Drowning, an ever-increasing phenomenon in the world, is the third leading cause of death from unintentional traumatic events. The people at greatest risk of drowning are children, those who work in water, those who are forced to cross unsafe stretches of sea, rivers or lakes and people living in places of risk, such as refugee camps.

With the historic resolution on the prevention of drowning issued on the 28th of April 2021, the United Nations General Assembly formalized the international relevance of this problem by establishing the World Day dedicated to the Prevention of Drowning.

On the second anniversary of the World Drowning Prevention Day, we want to emphasize that all 193 member states of the United Nations have established a framework of actions that each country should take to prevent drownings. Actions providing for the elaboration of a national plan made up of prevention actions and the collection of data and statistics on drownings.

An anniversary that, in the light of the tsunami warning alert in the Mediterranean recently launched by UNESCO, makes us understand the urgency and importance of these measures, as well as how important the attention of the international community is for this issue.

According to UNESCO, the Mediterranean Sea and other seas in the world are at high risk: a tsunami could hit cities such as Marseille, Alexandria, Istanbul as well as all the Mediterranean islands within the next 30 years, with a probability equal to 100% due to rising sea levels and the continuous melting of ice. And for this reason, it calls on coastal cities to create a prevention and alert system by the end of 2023.

The risk of catastrophic climate events, once perceived as far from us, today is increasingly close and leads us to reflect on the importance of environmental sustainability on the one hand, and on the legal and political recognition of climate refugees, those who are forced to flee their homes, villages and cities due to the increasingly frequent violent weather, storms, floods, monsoons, hurricanes, tsunamis or droughts.

According to data provided by the Global Report on Internal Displacement, every year from 2008 to 2016 an average of 26.4 million people worldwide were forced to abandon everything. The countries most affected (per millions of inhabitants) were: Cuba, Fiji, Philippines, Tonga, Sri Lanka, Ecuador, Haiti, Myanmar, Belize and Bahamas. But the list, in light of the evident climate changes of recent years, is likely to become increasingly long.

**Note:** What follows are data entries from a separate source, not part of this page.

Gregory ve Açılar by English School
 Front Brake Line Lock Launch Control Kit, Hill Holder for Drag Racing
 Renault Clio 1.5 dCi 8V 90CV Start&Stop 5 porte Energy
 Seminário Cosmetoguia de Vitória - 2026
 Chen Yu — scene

That is why it is necessary to make our voices heard so that action is taken at an international level, to simplify travel from one area to another and to ensure the protection of the human rights of all those who fall victims to these phenomena.

MOAS, which has always been sensitive to issues related to drownings, having saved over 40,000 people who risked drowning during the crossing of the Mediterranean, since 2019 has been providing its experience and technical expertise for the prevention of the risk of drowning in order to reduce fatal accidents.

Emergency response remains an urgent priority in areas often affected by flooding where, due to limited training and scarce resources, rapid and effective interventions cannot be guaranteed. MOAS believes that the conditions of those living in these contexts can be improved by developing specific skills through the formulation of risk mapping programs, the design of prototypes and innovative safety equipment, and the creation of courses that save lives.

Witness to this idea, is the story of Mernahar, who after experiencing the monsoon season inside a refugee camp decided to lend her first aid help. At the end of the training program, she affirmed to have learned numerous practical skills, such as the correct use of throw bags, and has gained a greater awareness of the risks related to water. During the training period she had the opportunity to create relationships based on solidarity with the other women taking part in the course, that pushed her to become one of the most determined volunteers in spreading her newly acquired flood rescue skills to other women in the community.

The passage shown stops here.